I can't argue worth squat

I haven't been around here much as of late and most of that can be attributed to vacation, but a big factor has to be with my complete ineptitude to yield a single cohesive argument. No matter how much I read into a subject, my mind draws blanks whenever I'm replying to debate someone. My text field remains empty although my mind is spinning around without churning much cohesive thought that would be easily digested by the average viewer. I prefer simplicity but when a topic diverts from simplicity and becomes multi-faceted, I then can't keep my thoughts straight.

Some issues I believe I can argue decently, specifically superstition and abortion especially approached from a non-technical perspective. But hey, I'm not an embryologist so I have to yield to an expert on that field. I simply can't put into words what they first wrote. I'm capable, but for the life of me, my brain fails its capacity and I struggle immensely. I can't argue other technical subjects such as health care reform, global warming, or evolution. Some issues I can argue on but the rhetoric seems empty, as though I'm arguing a position that I necessarily shouldn't hold, such as my opposition to same-sex marriage. Maybe it's because I have no interest in the specifics; only the details concern me.

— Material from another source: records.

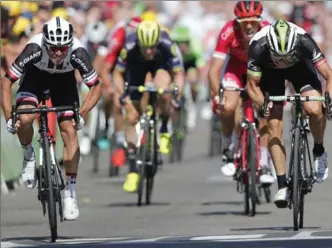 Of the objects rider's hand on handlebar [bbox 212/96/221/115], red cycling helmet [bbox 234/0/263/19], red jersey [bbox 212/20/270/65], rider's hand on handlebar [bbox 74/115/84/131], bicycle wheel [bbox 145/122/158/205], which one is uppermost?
red cycling helmet [bbox 234/0/263/19]

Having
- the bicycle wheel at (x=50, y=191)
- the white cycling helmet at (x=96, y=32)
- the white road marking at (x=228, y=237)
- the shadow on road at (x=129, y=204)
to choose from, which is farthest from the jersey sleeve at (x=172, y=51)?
the white cycling helmet at (x=96, y=32)

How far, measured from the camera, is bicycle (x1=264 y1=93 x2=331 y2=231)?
1414 cm

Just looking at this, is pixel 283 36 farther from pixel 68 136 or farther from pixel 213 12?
pixel 213 12

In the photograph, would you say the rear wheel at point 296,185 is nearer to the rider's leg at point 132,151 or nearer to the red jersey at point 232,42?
the red jersey at point 232,42

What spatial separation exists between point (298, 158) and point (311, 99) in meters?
0.55

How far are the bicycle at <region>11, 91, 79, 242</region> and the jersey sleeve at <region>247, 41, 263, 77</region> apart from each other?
5.41 ft

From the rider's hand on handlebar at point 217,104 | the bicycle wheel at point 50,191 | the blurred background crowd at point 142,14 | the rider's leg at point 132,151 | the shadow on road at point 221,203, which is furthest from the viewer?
the blurred background crowd at point 142,14

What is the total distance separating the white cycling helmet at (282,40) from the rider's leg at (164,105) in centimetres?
464

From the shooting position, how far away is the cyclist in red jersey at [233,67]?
16.5m

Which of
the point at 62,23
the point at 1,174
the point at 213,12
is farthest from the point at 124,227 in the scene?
the point at 213,12

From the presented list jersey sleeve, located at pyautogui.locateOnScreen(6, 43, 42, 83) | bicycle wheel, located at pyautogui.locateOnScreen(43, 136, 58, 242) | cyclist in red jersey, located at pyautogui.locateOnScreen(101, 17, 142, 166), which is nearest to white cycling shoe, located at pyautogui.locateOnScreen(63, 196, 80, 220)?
bicycle wheel, located at pyautogui.locateOnScreen(43, 136, 58, 242)

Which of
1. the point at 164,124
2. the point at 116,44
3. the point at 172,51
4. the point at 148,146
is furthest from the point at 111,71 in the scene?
the point at 148,146

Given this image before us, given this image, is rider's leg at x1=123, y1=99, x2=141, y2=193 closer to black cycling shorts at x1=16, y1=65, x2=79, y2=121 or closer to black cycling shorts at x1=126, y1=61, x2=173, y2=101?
black cycling shorts at x1=126, y1=61, x2=173, y2=101

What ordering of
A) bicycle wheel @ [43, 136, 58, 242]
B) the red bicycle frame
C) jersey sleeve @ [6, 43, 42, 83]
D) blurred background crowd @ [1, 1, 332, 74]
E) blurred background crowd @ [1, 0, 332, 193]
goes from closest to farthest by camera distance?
bicycle wheel @ [43, 136, 58, 242] → jersey sleeve @ [6, 43, 42, 83] → the red bicycle frame → blurred background crowd @ [1, 0, 332, 193] → blurred background crowd @ [1, 1, 332, 74]
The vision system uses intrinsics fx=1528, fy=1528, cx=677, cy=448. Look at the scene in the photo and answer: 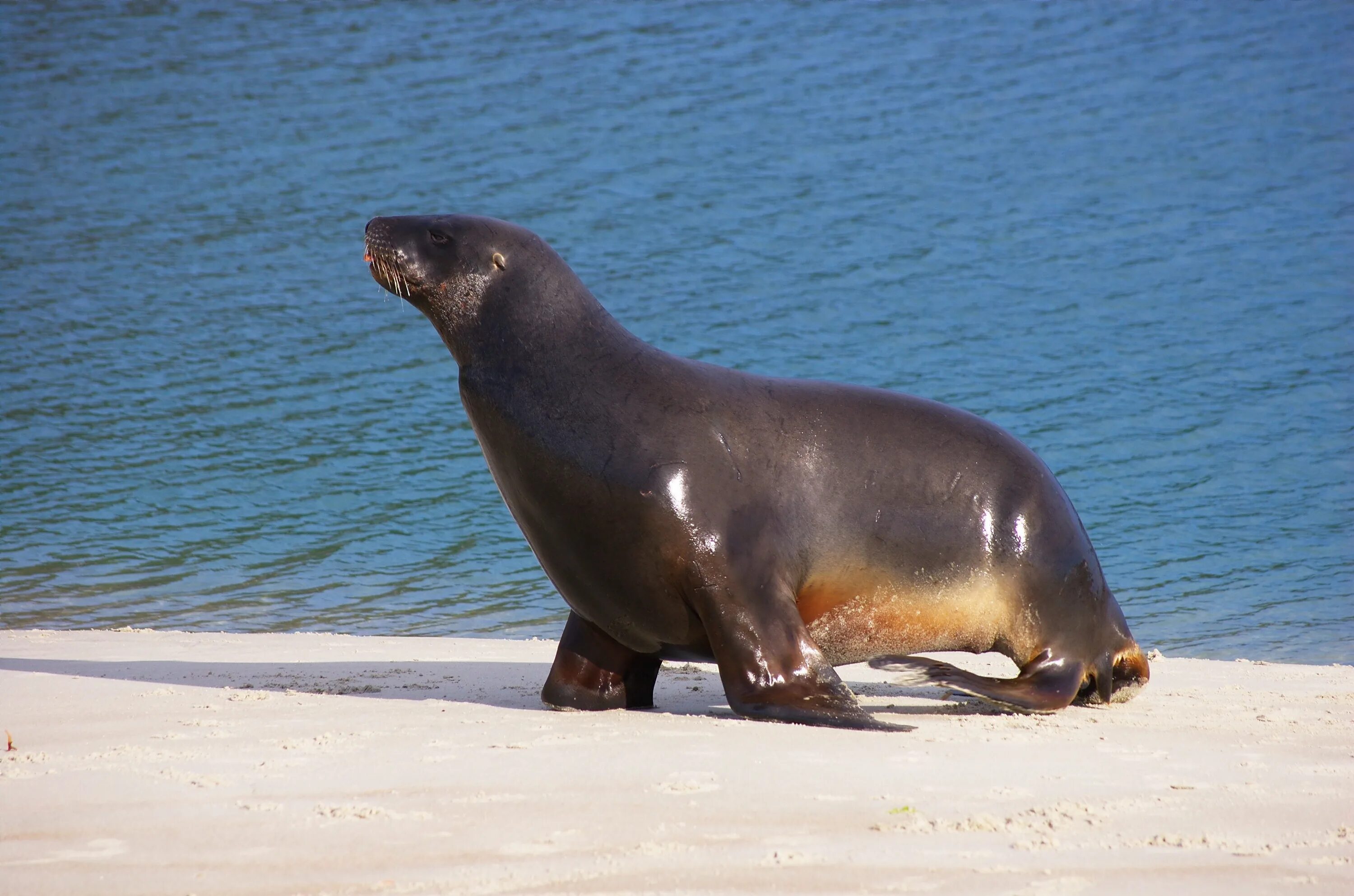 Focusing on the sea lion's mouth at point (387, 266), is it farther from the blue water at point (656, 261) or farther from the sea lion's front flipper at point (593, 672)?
the blue water at point (656, 261)

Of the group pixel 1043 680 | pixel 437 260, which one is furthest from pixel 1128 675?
pixel 437 260

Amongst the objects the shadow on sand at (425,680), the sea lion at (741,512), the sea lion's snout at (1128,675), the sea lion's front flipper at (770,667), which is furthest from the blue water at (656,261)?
the sea lion's front flipper at (770,667)

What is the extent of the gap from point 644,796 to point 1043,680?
2.26m

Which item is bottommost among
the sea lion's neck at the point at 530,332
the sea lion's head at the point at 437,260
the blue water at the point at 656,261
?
the blue water at the point at 656,261

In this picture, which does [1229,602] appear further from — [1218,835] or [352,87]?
[352,87]

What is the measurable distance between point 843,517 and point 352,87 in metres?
28.8

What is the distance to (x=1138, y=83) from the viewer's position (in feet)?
100

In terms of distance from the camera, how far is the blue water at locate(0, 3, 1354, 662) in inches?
473

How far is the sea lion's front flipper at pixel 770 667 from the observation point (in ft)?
16.6

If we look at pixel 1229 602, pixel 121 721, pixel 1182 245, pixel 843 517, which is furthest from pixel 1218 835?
pixel 1182 245

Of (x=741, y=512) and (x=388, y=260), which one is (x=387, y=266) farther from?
(x=741, y=512)

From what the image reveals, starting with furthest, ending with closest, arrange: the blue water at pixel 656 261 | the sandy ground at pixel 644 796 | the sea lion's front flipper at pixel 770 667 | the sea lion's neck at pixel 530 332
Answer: the blue water at pixel 656 261
the sea lion's neck at pixel 530 332
the sea lion's front flipper at pixel 770 667
the sandy ground at pixel 644 796

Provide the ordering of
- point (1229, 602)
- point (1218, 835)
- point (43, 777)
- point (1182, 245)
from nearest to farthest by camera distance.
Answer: point (1218, 835) → point (43, 777) → point (1229, 602) → point (1182, 245)

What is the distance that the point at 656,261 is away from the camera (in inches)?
892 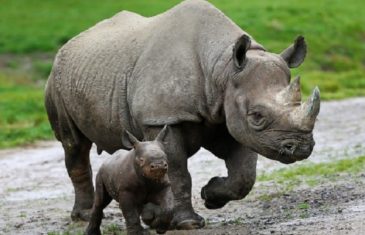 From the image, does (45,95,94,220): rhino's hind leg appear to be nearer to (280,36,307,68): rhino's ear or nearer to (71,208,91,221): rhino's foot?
(71,208,91,221): rhino's foot

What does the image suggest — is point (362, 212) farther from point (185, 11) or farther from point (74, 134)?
point (74, 134)

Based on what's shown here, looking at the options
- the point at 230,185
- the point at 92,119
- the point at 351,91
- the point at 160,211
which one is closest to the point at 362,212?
the point at 230,185

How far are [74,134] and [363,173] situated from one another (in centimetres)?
325

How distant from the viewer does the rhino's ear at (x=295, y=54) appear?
964 centimetres

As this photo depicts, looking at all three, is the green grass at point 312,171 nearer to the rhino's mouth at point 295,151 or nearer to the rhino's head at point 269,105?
the rhino's head at point 269,105

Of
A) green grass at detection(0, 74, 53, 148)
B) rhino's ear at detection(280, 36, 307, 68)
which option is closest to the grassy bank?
rhino's ear at detection(280, 36, 307, 68)

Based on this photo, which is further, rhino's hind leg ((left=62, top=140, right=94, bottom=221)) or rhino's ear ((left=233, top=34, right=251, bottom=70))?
rhino's hind leg ((left=62, top=140, right=94, bottom=221))

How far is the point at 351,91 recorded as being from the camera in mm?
23469

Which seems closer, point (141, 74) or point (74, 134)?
point (141, 74)

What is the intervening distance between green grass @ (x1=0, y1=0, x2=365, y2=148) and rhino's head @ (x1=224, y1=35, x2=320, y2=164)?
37.3ft

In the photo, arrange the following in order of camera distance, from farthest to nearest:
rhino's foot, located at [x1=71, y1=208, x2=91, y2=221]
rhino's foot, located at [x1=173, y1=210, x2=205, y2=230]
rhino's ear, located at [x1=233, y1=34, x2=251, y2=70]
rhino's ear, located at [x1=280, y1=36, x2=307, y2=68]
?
rhino's foot, located at [x1=71, y1=208, x2=91, y2=221]
rhino's ear, located at [x1=280, y1=36, x2=307, y2=68]
rhino's foot, located at [x1=173, y1=210, x2=205, y2=230]
rhino's ear, located at [x1=233, y1=34, x2=251, y2=70]

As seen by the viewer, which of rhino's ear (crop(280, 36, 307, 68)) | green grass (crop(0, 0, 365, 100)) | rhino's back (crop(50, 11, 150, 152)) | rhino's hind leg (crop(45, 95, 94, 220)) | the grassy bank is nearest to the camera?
rhino's ear (crop(280, 36, 307, 68))

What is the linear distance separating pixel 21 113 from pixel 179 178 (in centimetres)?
1197

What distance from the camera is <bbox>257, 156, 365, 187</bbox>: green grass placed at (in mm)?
12961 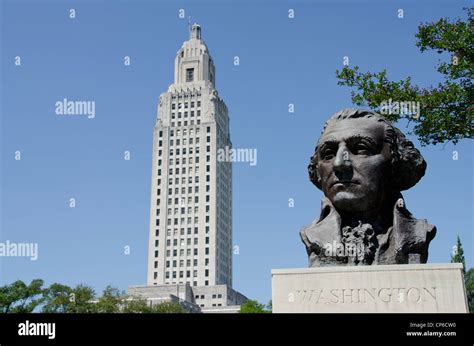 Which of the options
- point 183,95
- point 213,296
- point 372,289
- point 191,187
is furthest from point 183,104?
point 372,289

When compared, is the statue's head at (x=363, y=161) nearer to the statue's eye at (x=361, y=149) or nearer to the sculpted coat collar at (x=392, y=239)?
the statue's eye at (x=361, y=149)

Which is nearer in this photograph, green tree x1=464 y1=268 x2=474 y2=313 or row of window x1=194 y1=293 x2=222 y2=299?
green tree x1=464 y1=268 x2=474 y2=313

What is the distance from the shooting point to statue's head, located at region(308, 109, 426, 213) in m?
9.50

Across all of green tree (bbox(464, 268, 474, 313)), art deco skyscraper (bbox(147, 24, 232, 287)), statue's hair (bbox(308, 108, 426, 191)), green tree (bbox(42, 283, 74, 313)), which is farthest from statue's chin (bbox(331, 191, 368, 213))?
art deco skyscraper (bbox(147, 24, 232, 287))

GameSpot's a horrible place for arguing anyway. The place is over-run by liberals, atheists, and liberal atheists that, for the most part, can't think for themselves, yet think of themselves as Freethinkers or of some variation of the term. Thinking for yourself involves critical thinking. It does not mean something you believe something because it's progressive or it's popular to do it or it's associated with an elitist way of thinking. That isn't critical thinking. There are some exceptions to this intellectual depravity. I find some liberals to be intellectually informed, even if I can't say it for myself why I believe they're wrong and thus misinformed.

I've got to be honest. I'm not the most intelligent user on these forums. So to think that I could take on multiple users in a debate is unbearable. I can't fathom that, because I simply don't have the tolerance to deal with that many people, that I just shrink. The irony is, is that I'm just as guilty of believing something just because someone in the national spotlight does so too, basically. Health care reform is a big issue that I need to be better acquainted with, yet my passive-aggression lures me but repels me at the smell of details, and I immediately resign from my search, still believing myself to be a critical thinker, which I'm not.

GameSpot's not even a decent place to argue. There are too many users who can't even spell, whose typing errors are so common, that I have to ignore their post completely in most cases. The problem is is that I don't know many forums that don't have these occurrences. It's as if I'm stuck with GameSpot because I feel as though I'm married to the site thanks in part to this wedding ring, my account. Another irony is that I find myself in agreement with certain GameSpot users a lot in many situations that I feel compelled not to respond to threads because they give their response in much better words than I do. Tsk, tsk. Oh well.